Alan Peter Griffin (born 23 February 1960) is a former Australian politician of the Australian Labor Party. He was a member of the Australian House of Representatives, representing the Division of Corinella between 1993 and March 1996, and the Division of Bruce, from March 1996 until May 2016.

Background and early career
Griffin was born in Melbourne, Victoria, and was educated at the Australian National University. He was a public servant, union organiser and electorate secretary before entering politics. Griffin was ministerial adviser to the Victorian Minister for Community Services, Kay Setches, 1990–91 and to Simon Crean, then a federal minister, 1991–93. He was also a member of the Springvale City Council, 1991–93.

Political career
Griffin was first elected to Parliament at the 1993 federal election, unseating the Liberal incumbent in Corinella, Russell Broadbent. He became a backbench supporter of Prime Minister Paul Keating's government. Corinella was abolished for the 1996 election, and Griffin followed most of his constituents into Bruce.

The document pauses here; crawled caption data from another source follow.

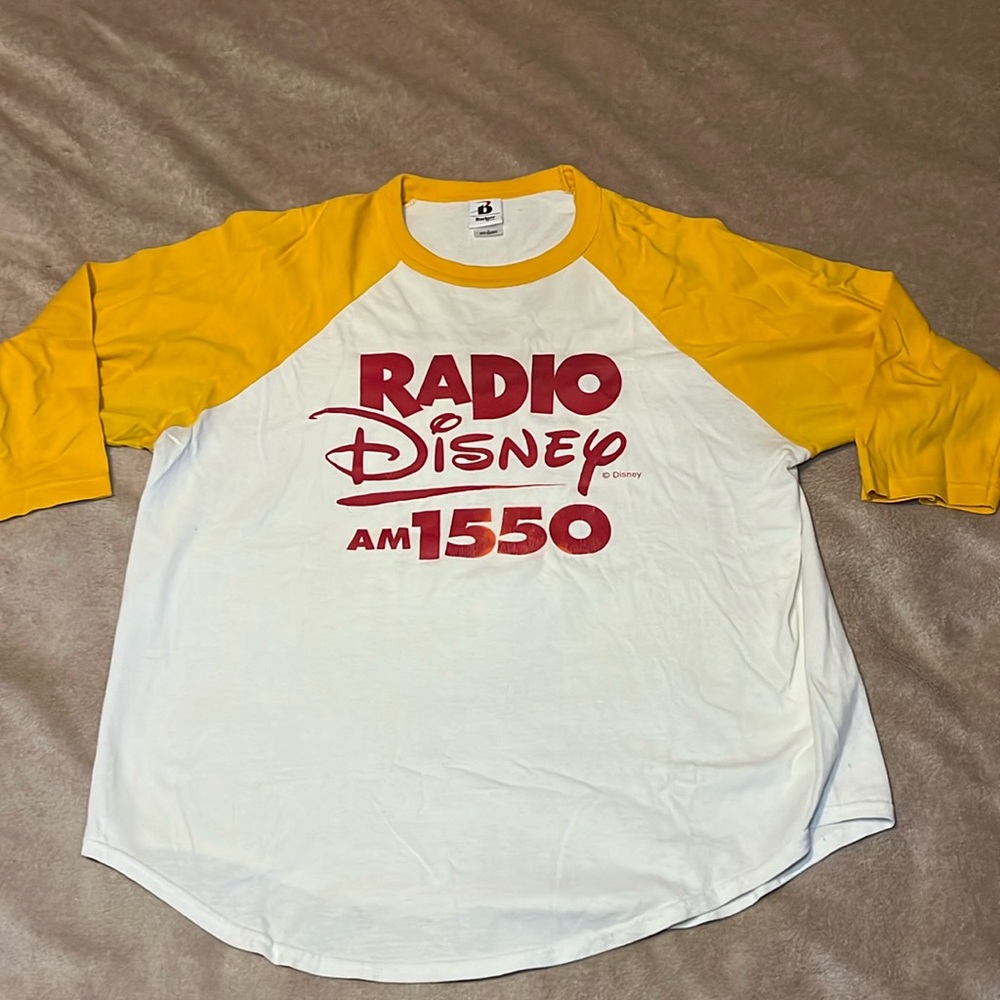 *RARE Pre-Owned Radio Disney (AM 1550) CT Baseball T-Shirt, Size L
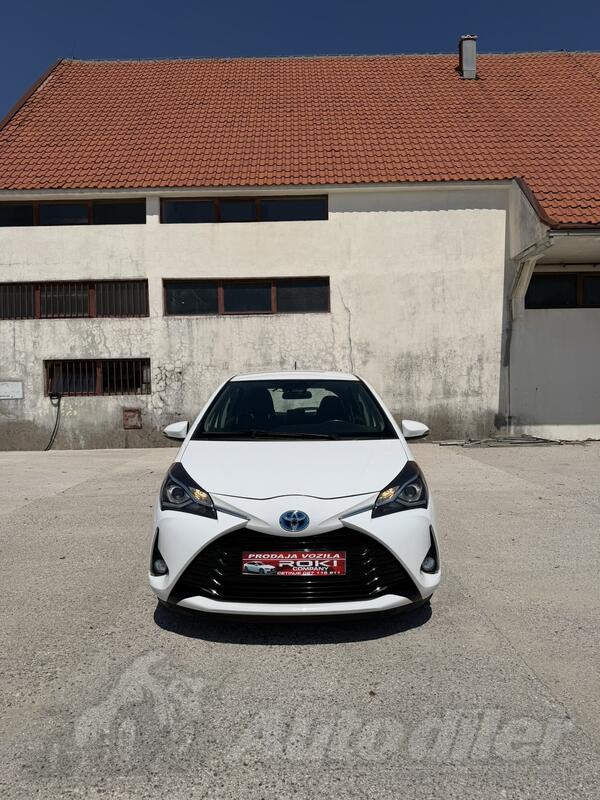 Toyota - Yaris - 1.5 hybrid- automatik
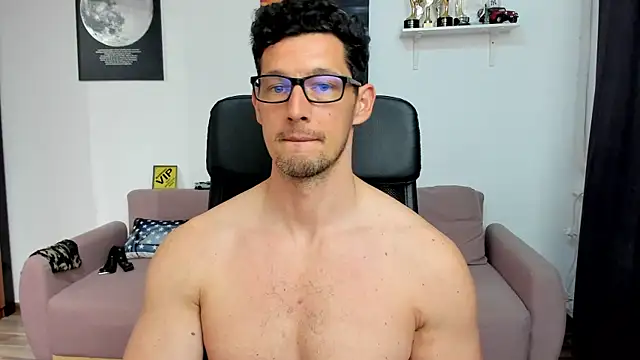 BrutusK08's Live XXX Chat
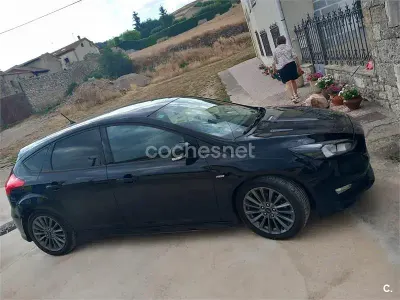Usado Ford Focus ST-Line 120 CV (88 kW) 2017 Negro Berlina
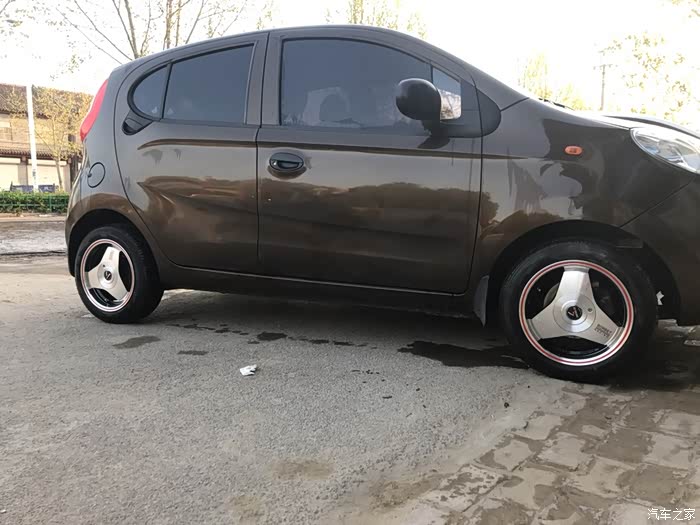 13款qq改装人字轮毂全车改色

That seat had been in Liberal hands since its creation in 1955. However, it had been significantly altered by the latest redistribution, which gave Labor a slim majority. Griffin defeated Liberal incumbent Julian Beale by only 1195 votes, making him one of the few bright spots in Labor's severe defeat that year.

Griffin was elected to the Opposition Shadow Ministry in October 1998. He was Shadow Minister for Consumer Affairs and Shadow Minister Assisting the Shadow Minister for Health from 2003 to 2005. In June 2005, he was appointed Shadow Minister for Veterans' Affairs and Shadow Special Minister of State.

After Labor won government back in the 2007 federal election, new Prime Minister Kevin Rudd appointed Griffin Minister for Veterans' Affairs in the ministry. On 1 April 2010, he gained the portfolio of Minister for Defence Personnel. He retained these portfolios in Julia Gillard's first ministry but chose not to continue in the Second Gillard Ministry, which was sworn in on 14 September 2010 following the 2010 election.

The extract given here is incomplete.